Cathy Morris, 53 left a home she had bought with the help of a middle-class tax break and then drove by the mailbox where she sent regular $25 checks to President Obama. She passed through a town that she believed was “almost back” and pulled into an Arm & Hammer factory where orders had increased by 5 percent and management was once again hiring. “Obama,” she said. “Thank goodness.”
This is the America that President Obama will govern in his second term: A place divided not only by ideology, race and class, but also by the very perception of reality. Four years since Obama first took office, is the country better or worse off? Safer or more at risk? Principled or desperately lost?
Here in Fremont, as in much of America, it all depends on whom you ask. In this rural, Rust Belt county where Obama won exactly 50 percent of the vote, located in a state where he won 50 percent, residents expect Obama to either ruin the country or rescue it. The president who spoke ambitiously at his first inauguration about uniting America instead arrives at his second with the country further divided. Fourteen percent of Republicans think he’s doing a good job, compared with 88 percent of Democrats. The goal is no longer to effect sweeping conciliation so much as to find fractional compromise in a diminishing common ground.
Inside an Arm & Hammer factory that billows smoke across the farmlands of Ohio, 180 employees now self-segregate into what Morris calls “ideological islands.” Co-workers who were once moderate Democrats or Republicans shifted fully to their sides over the past four years, intensifying the disconnect.

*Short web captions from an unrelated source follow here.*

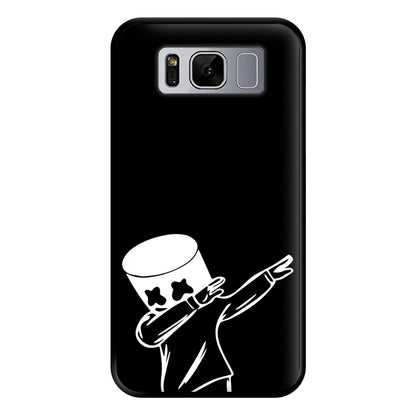 Silhouette White Helmet DJ Dab Phone Case for Galaxy S8 Plus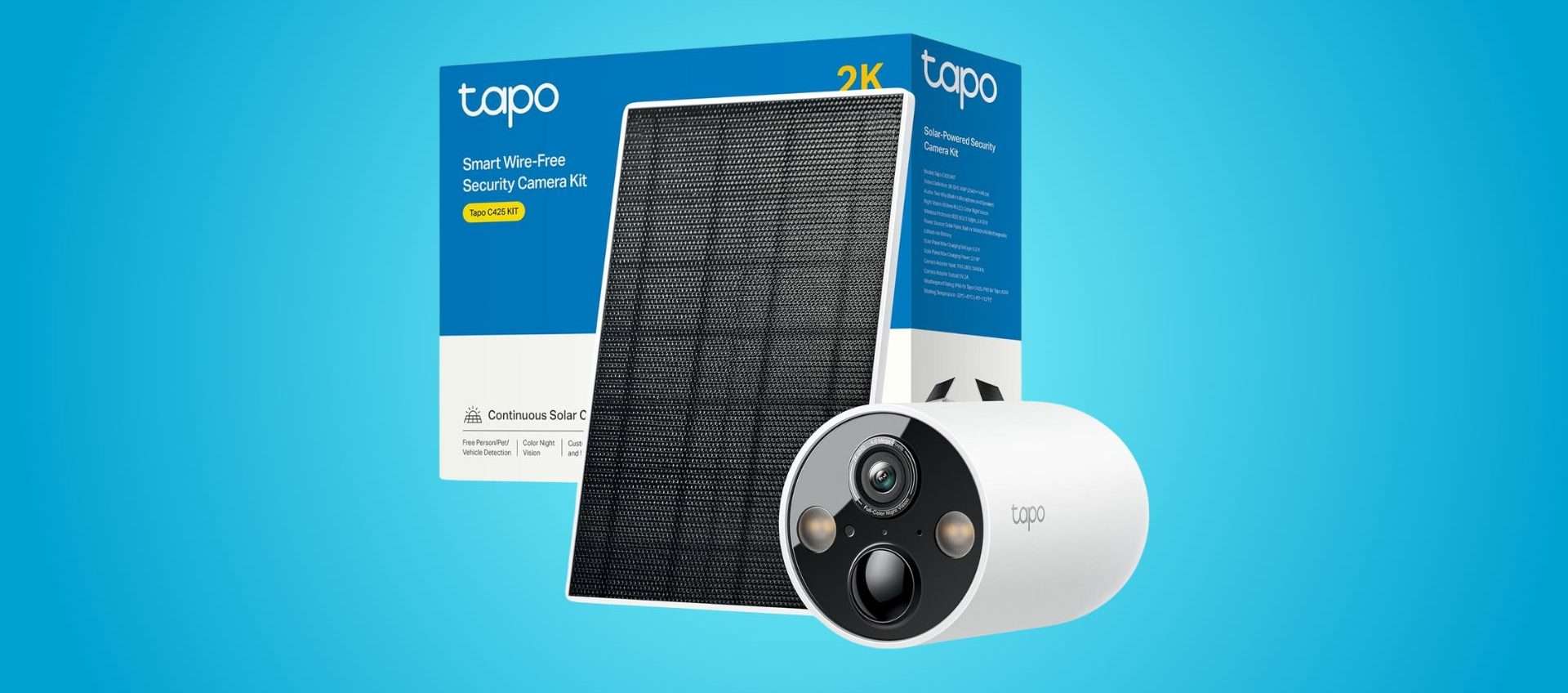 Tapo C425 KIT: telecamera Wi-Fi con alimentazione solare a meno di 90€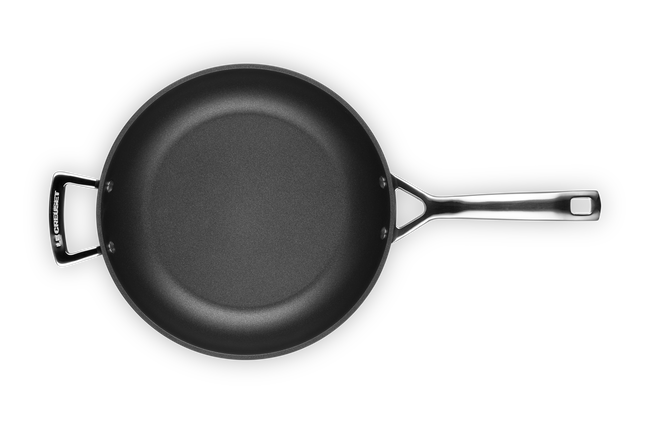 Le Creuset Toughened Non-Stick Deep Frying Pan with Helper Handle 28cm image number 4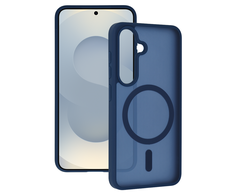 Tel Protect Aura Matte Magsafe dėklas skirtas Samsung Galaxy S25/S24 mėlynos spalvos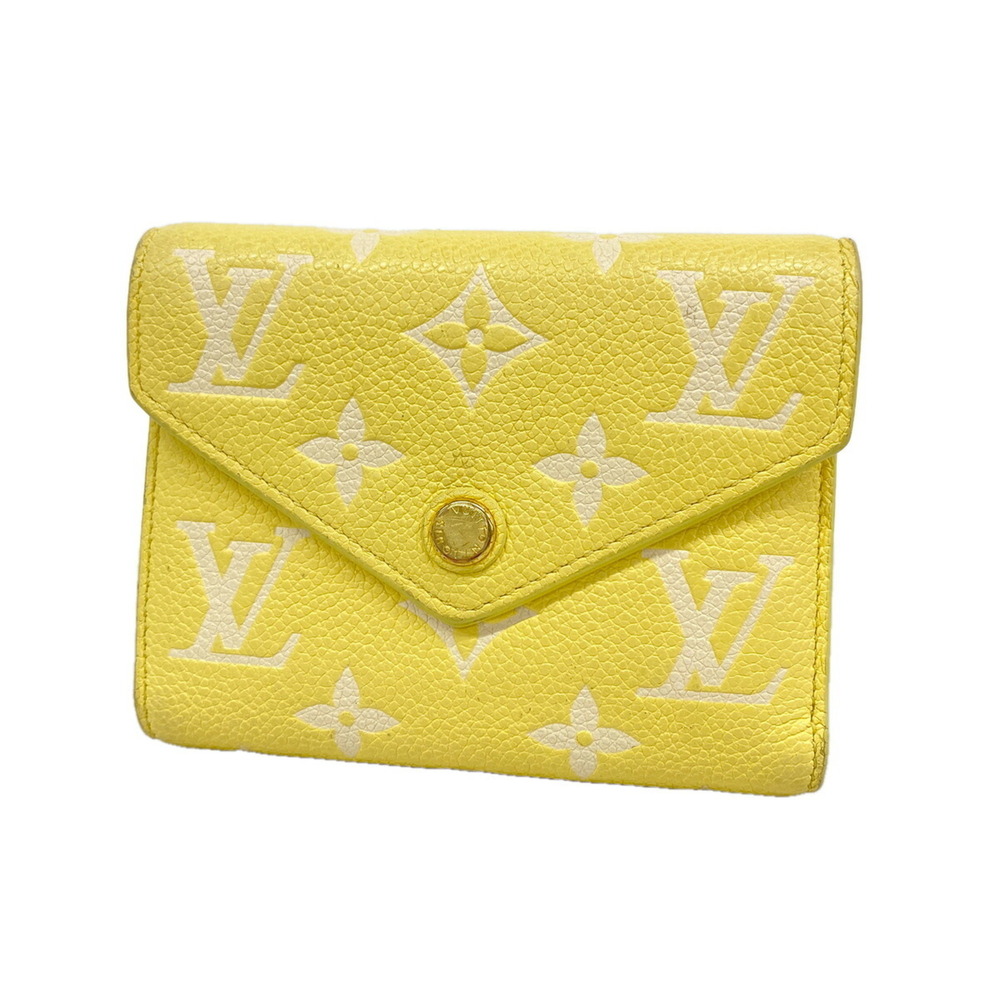 Louis Vuitton Tri-fold Wallet, Monogram Empreinte Bicolor Portefeuille Victor...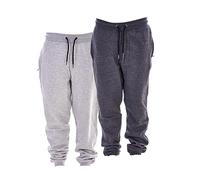 Keanu 2 Pack Regular Fit Kids Joggers - Super Soft Jogging Bottoms with Brushed Fleece Lining - Lounge Pants Gym Joggers Boys Girls School Uniform - Ages 5-14 (Charcoal/Grey Marl Pack, 7-8 Years)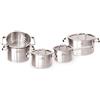 Gerlach G04-0318M-ZGB2-09PU-S1S1-01 - Set di pentole in acciaio inox 18/10 con 9 elementi Prestige-G04-0318M-ZGB2-09PU-S1S1-01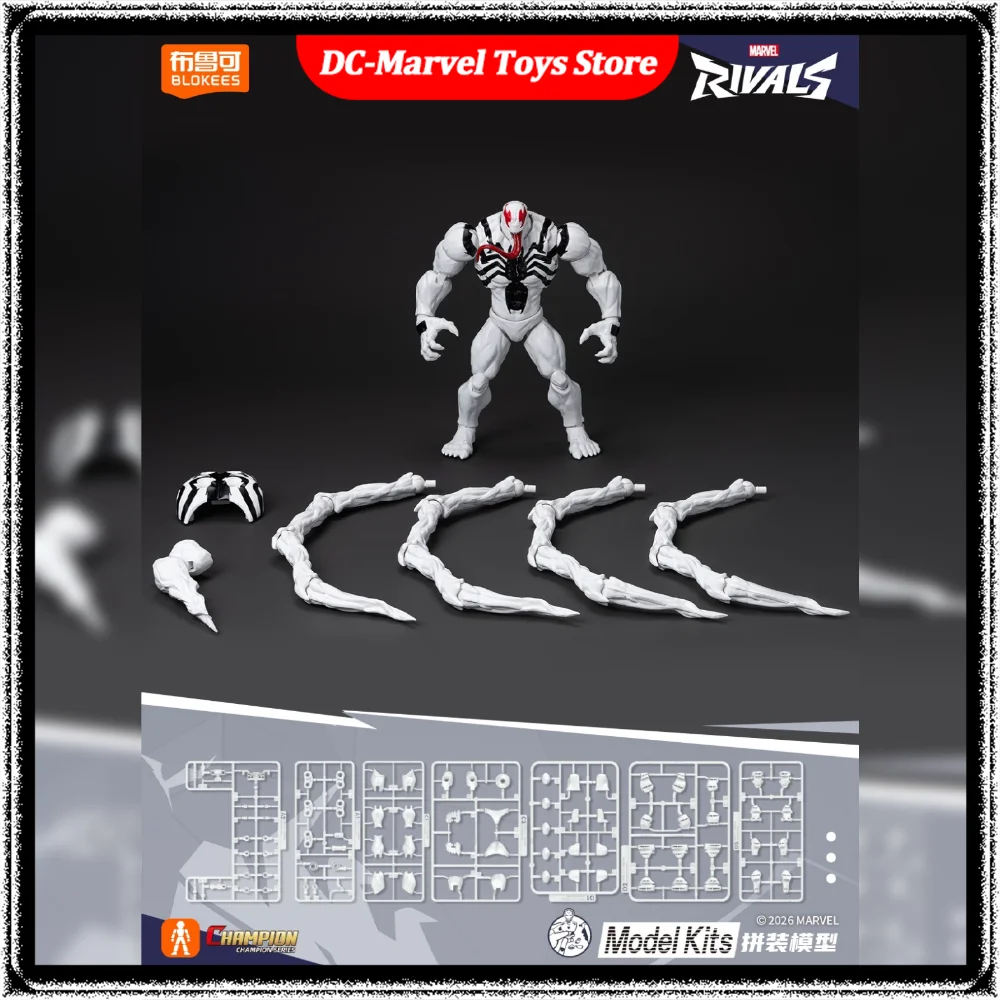 New In Stock Blokees Blokees Marvel Heroes Champion Class 15: Anti Venom Action Figure Toys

There are free copies of a National Rifle Association monthly magazine in one break room and, as of late last year, a life-size cardboard cutout of Obama in the other. There are workers who share copies of Obama’s biography, “Dreams of My Father,” and others who distribute the movie-version parody, “Dreams of My Real Father: A Story of Reds and Deception.”
And then there are Morris and Herr, two longtime employees working side-by-side, each anticipating Obama’s second inauguration as a seminal moment.